The impact is not evenly distributed. Offices in Lisbon and Porto, which handle the highest volumes and have the longest wait lists, also tend to have higher no-show rates because they serve larger transient populations. This creates a vicious cycle: the offices where appointments are hardest to get are also the ones losing the most capacity to no-shows. If AIMA could recapture even half of the no-show slots through overbooking or real-time reallocation, the improvement in wait times for active applicants would be meaningful. Some of these measures are beginning to be implemented.

How to Catch Cancellation Slots

No-shows and cancellations create last-minute openings that are sometimes released back into the booking system. For applicant-initiated bookings, checking the digital platform frequently throughout the day can help you spot these openings. Cancellation slots appear unpredictably and are claimed quickly, so regular checking increases your chances. Some applicants set phone alarms to remind them to check the portal every few hours during the day, particularly in the morning when overnight cancellations may be processed.

For AIMA-scheduled appointments, cancellation reallocation is handled internally, meaning you cannot directly book a slot freed by a no-show.
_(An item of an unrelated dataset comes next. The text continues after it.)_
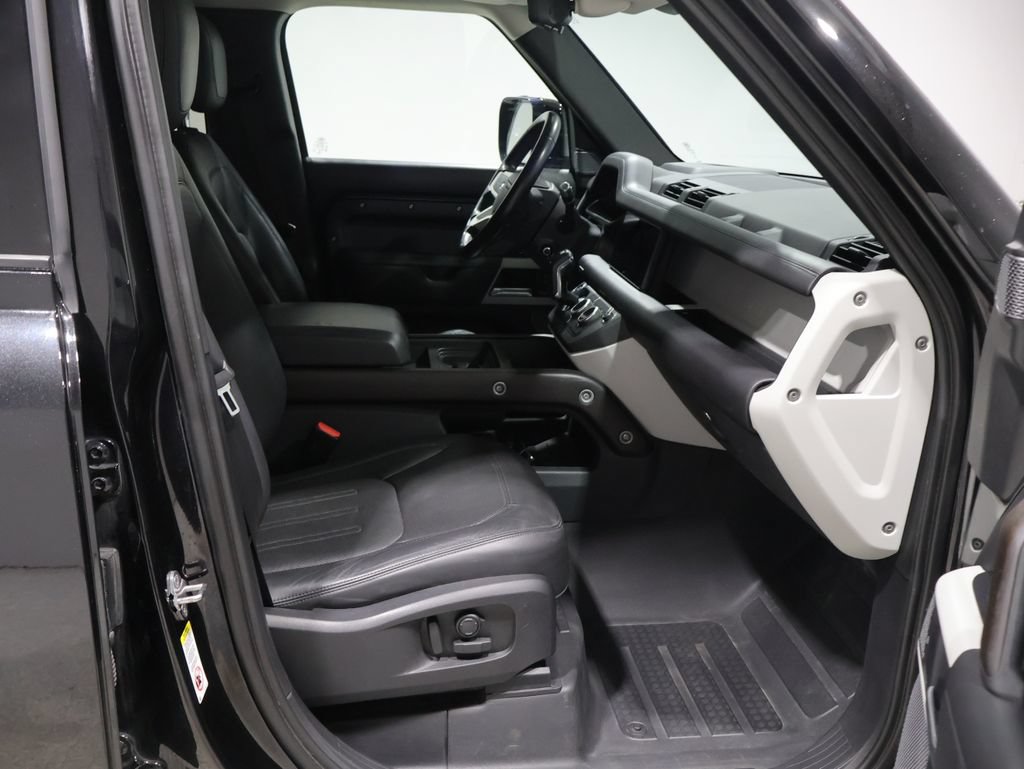 Used 2020 Land Rover Defender 110 HSE AWD/4WD image 19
However, contacting AIMA to express your willingness to attend on short notice can sometimes result in being offered a cancellation slot. Make it clear in your portal messages or phone calls that you are available on short notice and would welcome any earlier appointment that becomes available. While this is not a guaranteed strategy, it has worked for some applicants, particularly at smaller regional offices where staff may have more flexibility to manage their appointment books informally.

AIMA Measures to Reduce No-Shows

AIMA has taken several steps to address the no-show problem. Improved notification systems, including SMS reminders sent 48 hours before appointments, aim to ensure that applicants who are still in Portugal and intending to attend are reminded of their obligation. The digital platform's notification features have been enhanced to provide more prominent alerts about upcoming appointments. AIMA has also simplified the cancellation process, making it easier for people who cannot attend to release their slot in advance so it can be reassigned to another applicant.

Some offices have begun implementing limited overbooking, scheduling slightly more appointments than their theoretical capacity to account for the expected no-show rate. This approach carries the risk of creating longer wait times on days when fewer no-shows occur than expected, but it improves overall throughput. AIMA is also improving its processes for identifying and archiving cases where the applicant is clearly no longer pursuing their application, which removes these ghost cases from the appointment queue and focuses capacity on active applicants. These measures collectively aim to reduce the waste and improve appointment availability for people genuinely waiting to be seen.